AI characters need to know what is around them. This can be done by casting rays from the character out into the scene. Nearby characters and obstacles are tracked and fed back to the characters so they can avoid obstacles and fight opponents. The RayPerceptionSensor3D component is used for this.

Image Alt Text:RayPerceptionSensor3DComponentFigure 9. The RayPerceptionSensor3D component on the ML-NPC game object.

You will setup values so that rays are cast out in a circle around the character at an interval that isn’t too large (so we don’t miss a nearby object) but not so close that we cast too many rays (which could hurt performance). The rays also have a radius because strictly speaking the component performs “sphere casting” rather than just “ray casting”.

Sphere casting effectively gives the ray volume to make up for the gap between the rays. Note in Figure 10, that there is a visualization of the sphere at the end of each ray being cast.

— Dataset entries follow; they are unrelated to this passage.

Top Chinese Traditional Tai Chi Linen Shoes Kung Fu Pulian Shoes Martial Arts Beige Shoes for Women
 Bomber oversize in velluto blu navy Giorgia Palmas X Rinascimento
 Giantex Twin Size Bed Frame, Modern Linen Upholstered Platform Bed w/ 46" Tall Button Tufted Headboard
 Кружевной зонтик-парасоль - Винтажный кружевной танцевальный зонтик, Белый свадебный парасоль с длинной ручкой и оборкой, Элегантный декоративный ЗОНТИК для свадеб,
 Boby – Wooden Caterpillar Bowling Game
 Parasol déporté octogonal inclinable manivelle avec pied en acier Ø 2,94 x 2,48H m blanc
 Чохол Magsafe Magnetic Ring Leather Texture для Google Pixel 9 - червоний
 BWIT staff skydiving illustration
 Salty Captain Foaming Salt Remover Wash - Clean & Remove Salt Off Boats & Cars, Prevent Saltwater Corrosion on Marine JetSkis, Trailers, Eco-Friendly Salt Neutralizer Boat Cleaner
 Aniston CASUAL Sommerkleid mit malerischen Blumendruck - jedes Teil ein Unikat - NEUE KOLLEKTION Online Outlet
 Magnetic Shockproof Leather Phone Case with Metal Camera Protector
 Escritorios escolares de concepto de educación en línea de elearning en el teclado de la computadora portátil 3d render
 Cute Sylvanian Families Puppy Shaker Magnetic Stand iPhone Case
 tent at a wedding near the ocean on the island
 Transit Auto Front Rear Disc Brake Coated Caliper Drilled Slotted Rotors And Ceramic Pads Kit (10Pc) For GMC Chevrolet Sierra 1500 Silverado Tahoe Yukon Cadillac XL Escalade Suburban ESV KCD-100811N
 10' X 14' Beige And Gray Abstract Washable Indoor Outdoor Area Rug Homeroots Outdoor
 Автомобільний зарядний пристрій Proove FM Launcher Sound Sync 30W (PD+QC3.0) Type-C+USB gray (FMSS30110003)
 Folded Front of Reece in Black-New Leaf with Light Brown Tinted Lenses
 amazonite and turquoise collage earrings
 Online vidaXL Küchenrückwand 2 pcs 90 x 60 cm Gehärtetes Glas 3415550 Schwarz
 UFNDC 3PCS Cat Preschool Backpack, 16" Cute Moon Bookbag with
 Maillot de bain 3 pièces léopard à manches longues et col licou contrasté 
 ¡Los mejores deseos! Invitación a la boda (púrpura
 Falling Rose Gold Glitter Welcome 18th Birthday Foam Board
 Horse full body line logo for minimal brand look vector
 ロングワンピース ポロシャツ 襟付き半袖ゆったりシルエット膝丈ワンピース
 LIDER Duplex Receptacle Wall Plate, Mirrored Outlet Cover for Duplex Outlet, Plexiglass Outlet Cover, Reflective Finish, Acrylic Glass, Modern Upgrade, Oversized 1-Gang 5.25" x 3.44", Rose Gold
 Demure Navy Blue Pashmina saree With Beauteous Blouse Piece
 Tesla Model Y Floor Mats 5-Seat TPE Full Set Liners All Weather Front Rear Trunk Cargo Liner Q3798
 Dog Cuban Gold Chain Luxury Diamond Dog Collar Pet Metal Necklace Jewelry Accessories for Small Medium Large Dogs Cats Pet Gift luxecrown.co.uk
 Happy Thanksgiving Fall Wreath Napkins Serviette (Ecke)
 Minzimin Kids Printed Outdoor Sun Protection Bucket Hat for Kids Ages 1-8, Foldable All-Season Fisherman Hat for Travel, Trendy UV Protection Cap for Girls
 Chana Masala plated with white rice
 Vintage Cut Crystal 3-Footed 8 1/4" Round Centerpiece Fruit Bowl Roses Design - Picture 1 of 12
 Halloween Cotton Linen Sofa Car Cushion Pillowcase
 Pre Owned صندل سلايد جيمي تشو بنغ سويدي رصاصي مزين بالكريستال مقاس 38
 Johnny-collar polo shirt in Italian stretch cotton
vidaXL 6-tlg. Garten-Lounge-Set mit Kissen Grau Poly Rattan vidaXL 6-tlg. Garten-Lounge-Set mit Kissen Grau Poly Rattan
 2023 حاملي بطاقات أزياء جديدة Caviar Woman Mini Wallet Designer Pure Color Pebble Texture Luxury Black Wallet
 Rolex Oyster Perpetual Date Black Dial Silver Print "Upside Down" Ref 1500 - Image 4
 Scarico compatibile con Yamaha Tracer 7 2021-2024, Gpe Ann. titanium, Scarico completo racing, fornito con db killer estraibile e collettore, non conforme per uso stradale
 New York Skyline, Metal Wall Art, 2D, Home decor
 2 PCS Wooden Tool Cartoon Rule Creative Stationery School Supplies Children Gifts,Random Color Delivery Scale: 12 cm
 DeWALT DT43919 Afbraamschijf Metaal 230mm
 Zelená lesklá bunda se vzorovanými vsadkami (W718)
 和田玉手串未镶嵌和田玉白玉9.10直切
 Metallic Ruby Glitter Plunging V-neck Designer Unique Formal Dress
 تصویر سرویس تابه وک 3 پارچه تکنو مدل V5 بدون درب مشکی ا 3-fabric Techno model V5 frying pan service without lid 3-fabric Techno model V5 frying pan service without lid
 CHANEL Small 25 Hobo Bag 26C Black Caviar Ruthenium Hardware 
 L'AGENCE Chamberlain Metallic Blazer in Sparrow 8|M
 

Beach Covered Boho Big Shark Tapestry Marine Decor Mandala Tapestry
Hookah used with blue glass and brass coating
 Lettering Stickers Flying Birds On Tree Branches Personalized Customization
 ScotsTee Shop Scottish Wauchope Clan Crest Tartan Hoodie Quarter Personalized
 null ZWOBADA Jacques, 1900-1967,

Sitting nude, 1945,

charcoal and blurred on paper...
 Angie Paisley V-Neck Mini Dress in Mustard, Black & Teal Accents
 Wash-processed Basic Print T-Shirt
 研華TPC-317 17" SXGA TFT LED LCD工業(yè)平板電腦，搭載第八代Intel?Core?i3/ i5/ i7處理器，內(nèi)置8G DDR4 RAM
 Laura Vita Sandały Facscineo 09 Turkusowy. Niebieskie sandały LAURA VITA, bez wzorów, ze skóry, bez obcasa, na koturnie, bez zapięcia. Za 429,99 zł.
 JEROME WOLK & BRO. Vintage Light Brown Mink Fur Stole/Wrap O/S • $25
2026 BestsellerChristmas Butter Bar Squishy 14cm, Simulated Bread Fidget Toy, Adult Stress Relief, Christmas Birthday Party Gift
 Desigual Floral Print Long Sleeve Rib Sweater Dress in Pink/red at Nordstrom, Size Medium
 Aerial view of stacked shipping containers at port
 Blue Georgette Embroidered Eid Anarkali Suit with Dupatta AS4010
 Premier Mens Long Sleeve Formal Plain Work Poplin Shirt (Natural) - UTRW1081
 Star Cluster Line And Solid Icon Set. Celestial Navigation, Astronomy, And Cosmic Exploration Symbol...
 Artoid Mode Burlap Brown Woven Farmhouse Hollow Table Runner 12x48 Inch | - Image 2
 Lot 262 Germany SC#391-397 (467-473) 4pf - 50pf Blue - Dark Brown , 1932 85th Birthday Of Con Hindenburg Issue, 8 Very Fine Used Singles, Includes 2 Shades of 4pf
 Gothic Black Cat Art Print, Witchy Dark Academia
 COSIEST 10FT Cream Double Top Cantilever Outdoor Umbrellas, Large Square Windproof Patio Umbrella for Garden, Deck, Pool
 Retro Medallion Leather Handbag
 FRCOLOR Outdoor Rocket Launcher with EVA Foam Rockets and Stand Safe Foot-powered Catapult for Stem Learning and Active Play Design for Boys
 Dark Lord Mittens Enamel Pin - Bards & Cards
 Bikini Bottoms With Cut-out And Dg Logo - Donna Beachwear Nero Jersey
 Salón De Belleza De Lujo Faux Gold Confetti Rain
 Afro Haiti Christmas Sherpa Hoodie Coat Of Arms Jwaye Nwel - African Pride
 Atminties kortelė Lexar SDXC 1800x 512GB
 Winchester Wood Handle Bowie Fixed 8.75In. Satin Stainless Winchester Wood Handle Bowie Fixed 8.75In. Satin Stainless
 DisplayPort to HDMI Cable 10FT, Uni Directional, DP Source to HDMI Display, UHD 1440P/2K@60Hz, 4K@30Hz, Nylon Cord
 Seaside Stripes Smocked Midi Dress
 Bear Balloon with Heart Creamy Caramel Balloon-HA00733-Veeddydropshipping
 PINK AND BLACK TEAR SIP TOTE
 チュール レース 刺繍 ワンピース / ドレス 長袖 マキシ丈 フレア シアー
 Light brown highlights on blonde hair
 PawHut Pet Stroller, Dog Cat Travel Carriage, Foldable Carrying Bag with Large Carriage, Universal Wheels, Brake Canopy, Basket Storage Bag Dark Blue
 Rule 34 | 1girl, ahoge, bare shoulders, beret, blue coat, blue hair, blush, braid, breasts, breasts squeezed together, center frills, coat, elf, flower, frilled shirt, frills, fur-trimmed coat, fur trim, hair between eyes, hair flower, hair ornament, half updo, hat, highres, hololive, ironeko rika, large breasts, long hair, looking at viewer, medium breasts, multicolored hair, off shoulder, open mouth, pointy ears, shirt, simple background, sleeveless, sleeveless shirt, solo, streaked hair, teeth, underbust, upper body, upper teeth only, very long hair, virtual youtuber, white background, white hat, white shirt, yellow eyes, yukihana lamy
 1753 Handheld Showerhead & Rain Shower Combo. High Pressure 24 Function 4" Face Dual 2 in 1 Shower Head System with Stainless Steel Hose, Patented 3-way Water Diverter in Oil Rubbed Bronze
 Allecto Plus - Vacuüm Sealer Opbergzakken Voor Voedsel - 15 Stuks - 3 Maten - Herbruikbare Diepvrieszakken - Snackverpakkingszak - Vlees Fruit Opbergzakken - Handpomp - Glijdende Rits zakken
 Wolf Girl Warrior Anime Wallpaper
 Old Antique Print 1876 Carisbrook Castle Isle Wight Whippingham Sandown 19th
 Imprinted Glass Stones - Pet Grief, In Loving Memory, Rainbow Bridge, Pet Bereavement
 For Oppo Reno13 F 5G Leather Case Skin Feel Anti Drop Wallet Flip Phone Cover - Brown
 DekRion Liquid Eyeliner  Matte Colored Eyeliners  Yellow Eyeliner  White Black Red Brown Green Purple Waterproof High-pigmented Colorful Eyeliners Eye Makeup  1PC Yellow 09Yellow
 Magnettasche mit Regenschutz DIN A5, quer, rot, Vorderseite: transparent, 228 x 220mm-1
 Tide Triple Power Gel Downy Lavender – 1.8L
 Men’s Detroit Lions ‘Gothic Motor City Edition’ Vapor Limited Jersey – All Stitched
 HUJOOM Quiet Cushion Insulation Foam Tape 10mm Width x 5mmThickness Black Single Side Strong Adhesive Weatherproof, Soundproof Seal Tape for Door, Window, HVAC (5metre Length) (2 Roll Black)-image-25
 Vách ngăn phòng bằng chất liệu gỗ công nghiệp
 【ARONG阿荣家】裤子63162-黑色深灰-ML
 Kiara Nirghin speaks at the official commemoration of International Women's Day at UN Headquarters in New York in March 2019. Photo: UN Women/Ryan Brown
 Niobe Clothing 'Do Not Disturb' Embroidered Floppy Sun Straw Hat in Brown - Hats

(You will finish the setup of the NPC character later by modifying some of the components above, examine some properties for tweaking the AI, and go through how to setup and run the training.)

Image Alt Text:Agents SettingsFigure 10. Hierarchy view with object AgentsSettings selected. The scene view shows our 3D environment, characters and sphere-casts.


ML-Core contains various managers and controllers common to many apps and games. There are no AI-specific objects or scripts here. You shouldn’t need to modify any of these objects or components. However, if you would like to explore them anyway, the most interesting options are:

  • ML-Core contains behavior DontDestroyOnLoad, which is useful when you want an object to persist between scene loads.
  • SettingsController (on child AppManager) contains an option for setting the target frame-rate. (Unity will attempt to run the game at this frame-rate if possible.)
  • VfxService controls which particle systems to use for which effects.

Image Alt Text:ML-CoreFigure 11. Hierarchy view showing ML-Core object and children.


The entire scene is lit from a single light called “Directional Light”. The light is marked as “Realtime” so it doesn’t include any baked lighting.

Image Alt Text:EnvironmentFigure 12. Our world consists of a single light and a single mesh for the whole battle arena.

(You could add baked lighting or more realtime lights to make the lighting more interesting, but this is outside the scope of this learning path. If you do experiment with the lighting, remember that adding extra lights and changing some options can affect performance.)